Dario Fo writes in the petition that he starred in and wrote some of the first commercials produced by Barilla. He writes of the importance of the brand in the Italian public consciousness:

"It was in those commercials where [sic] we introduced the world to Barilla, and introduced products that have become a symbol of Italy and Italians everywhere. Barilla Pasta is synonymous with Italy, with home, and with family.

"Today our country is made up of many families, united by love. Love that is not able to discriminate, and which has no borders. That love is all over the world and it can come [sic] between a man and a woman, two women, or two men.

"A family is based on love, and your company’s statements want to represent families."

Fo encourages Barilla to apologize and make amends for his statements, and to commit to an upcoming advertisement in which "the family can finally be represented in all its infinite and wonderful shapes".

The petition has been signed by some 57k people so far. As it happens, Barilla has apologized and clarified that he has "the utmost respect" for gay people and "for all loving marriages and families". 

In the meantime, Barilla's competitor Bertolli, quick on the uptake, has launched a couple of advertisements soliciting the gay euro: "Love and pasta for all!"

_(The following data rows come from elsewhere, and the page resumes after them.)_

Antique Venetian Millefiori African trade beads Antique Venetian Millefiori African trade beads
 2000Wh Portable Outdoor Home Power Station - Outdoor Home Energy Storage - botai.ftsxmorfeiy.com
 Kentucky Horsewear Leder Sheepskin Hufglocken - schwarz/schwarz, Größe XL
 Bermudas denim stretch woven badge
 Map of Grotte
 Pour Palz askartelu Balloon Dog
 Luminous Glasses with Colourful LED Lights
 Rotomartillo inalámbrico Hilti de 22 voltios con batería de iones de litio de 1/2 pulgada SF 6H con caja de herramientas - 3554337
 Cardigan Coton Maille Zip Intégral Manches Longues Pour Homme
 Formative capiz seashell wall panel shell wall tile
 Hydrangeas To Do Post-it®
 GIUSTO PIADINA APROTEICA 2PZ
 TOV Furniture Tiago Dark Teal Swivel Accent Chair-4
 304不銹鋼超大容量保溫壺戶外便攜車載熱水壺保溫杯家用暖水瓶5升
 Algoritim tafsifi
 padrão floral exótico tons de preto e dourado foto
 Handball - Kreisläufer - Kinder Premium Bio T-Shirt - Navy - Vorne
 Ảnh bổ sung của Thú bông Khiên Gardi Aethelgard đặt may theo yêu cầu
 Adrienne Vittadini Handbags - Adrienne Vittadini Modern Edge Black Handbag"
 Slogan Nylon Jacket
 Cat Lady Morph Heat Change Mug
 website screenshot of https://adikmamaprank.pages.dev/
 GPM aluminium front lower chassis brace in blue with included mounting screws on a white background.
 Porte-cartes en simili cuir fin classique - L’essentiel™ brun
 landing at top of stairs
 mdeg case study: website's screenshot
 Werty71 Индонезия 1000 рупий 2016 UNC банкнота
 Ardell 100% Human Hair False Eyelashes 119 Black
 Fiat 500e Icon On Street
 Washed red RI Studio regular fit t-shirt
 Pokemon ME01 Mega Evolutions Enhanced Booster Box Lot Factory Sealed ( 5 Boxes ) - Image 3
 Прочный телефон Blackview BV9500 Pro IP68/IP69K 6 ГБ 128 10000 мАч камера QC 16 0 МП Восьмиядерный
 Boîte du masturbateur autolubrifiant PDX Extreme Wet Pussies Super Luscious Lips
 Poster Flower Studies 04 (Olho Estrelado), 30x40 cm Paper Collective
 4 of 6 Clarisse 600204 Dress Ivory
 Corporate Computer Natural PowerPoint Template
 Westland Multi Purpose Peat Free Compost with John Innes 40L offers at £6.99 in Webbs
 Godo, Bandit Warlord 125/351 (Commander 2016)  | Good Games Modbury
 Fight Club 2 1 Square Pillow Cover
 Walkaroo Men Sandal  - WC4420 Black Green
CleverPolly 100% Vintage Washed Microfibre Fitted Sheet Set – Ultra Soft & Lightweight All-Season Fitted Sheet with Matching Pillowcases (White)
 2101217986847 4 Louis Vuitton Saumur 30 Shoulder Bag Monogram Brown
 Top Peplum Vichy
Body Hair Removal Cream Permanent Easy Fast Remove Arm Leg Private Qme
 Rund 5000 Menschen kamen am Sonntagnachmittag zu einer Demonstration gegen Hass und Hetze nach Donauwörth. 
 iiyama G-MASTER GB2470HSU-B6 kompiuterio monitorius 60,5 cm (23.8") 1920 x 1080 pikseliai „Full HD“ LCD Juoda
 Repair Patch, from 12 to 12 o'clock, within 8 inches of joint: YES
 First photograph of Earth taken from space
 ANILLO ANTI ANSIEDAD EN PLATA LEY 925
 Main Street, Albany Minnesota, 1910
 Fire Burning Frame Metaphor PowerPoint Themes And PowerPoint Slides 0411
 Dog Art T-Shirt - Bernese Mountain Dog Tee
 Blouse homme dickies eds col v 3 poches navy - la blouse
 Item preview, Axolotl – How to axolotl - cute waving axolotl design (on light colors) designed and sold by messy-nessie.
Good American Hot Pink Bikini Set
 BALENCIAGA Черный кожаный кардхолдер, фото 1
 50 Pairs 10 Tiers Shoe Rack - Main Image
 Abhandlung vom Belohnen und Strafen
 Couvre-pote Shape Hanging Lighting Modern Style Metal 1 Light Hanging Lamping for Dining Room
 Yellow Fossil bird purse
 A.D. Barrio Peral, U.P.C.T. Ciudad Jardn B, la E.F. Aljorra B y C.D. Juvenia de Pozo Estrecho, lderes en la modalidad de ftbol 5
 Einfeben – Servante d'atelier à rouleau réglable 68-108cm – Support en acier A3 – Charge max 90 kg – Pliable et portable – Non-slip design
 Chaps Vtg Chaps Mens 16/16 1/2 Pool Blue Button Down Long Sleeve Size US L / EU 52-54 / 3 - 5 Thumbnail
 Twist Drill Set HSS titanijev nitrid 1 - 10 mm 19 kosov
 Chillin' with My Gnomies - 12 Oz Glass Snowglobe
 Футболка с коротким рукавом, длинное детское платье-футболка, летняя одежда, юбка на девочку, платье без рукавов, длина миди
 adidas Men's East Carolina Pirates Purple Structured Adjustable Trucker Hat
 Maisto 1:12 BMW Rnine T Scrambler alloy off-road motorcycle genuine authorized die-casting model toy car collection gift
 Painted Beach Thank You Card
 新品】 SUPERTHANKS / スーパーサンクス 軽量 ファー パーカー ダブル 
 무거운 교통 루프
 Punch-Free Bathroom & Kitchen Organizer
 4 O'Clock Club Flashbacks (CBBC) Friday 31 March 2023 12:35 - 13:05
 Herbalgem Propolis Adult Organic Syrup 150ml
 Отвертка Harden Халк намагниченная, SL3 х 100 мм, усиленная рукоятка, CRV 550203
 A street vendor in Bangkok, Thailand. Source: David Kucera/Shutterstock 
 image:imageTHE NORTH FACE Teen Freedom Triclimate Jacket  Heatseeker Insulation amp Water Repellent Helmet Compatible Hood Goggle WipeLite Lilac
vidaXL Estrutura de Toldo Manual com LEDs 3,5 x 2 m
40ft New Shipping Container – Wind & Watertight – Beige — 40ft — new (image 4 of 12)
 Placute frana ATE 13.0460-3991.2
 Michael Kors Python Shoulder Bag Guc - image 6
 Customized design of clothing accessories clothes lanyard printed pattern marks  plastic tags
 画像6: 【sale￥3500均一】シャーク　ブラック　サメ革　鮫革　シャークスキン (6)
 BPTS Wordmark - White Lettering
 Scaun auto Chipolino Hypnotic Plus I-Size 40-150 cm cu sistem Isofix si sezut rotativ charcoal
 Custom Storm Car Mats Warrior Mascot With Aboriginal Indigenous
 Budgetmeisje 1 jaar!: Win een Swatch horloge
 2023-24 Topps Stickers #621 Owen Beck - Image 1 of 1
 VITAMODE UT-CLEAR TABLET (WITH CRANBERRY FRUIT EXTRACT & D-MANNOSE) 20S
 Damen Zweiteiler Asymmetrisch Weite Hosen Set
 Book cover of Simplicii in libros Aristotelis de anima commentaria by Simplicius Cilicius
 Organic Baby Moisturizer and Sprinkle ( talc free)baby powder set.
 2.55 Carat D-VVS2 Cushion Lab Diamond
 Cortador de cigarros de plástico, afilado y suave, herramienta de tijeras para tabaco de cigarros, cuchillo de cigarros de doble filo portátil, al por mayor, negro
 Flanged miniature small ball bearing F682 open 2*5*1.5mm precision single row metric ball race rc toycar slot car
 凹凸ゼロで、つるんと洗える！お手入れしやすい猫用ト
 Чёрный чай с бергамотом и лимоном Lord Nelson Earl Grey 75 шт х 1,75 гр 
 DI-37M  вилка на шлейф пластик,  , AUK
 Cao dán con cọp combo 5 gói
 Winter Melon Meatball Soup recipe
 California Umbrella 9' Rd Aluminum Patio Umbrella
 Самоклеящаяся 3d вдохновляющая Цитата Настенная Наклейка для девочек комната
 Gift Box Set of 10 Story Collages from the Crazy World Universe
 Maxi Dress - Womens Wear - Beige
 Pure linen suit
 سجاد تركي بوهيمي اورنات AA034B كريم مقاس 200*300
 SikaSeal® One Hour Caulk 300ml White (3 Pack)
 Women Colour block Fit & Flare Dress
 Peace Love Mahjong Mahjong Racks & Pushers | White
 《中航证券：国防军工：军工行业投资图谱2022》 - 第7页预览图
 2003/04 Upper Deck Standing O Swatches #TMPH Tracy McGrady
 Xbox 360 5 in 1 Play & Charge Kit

I hadn't heard or read about Fo in a long time but it's clear that he's been as creative and politically active as ever. A few years ago, he wrote and performed a play in which the character of Berlusconi is strapped to a chair and electrocuted, and the character of Putin is shot dead by Chechen rebels - Putin's brain is subsequently transplanted into Berlusconi's head. Fo ran for mayor in Milan in 2006. His platform was the chasing out of the "money-grabbing bastards who have run this city for decades". He is Berlusconi's 'sworn enemy' and has, therefore, suffered at the hands of state and commercial television in Italy. As is wont, he remains undeterred. 

It is good to see that Fo remains to this day the Fo of the 1950s. 

As for pasta, I never really check which brand I buy.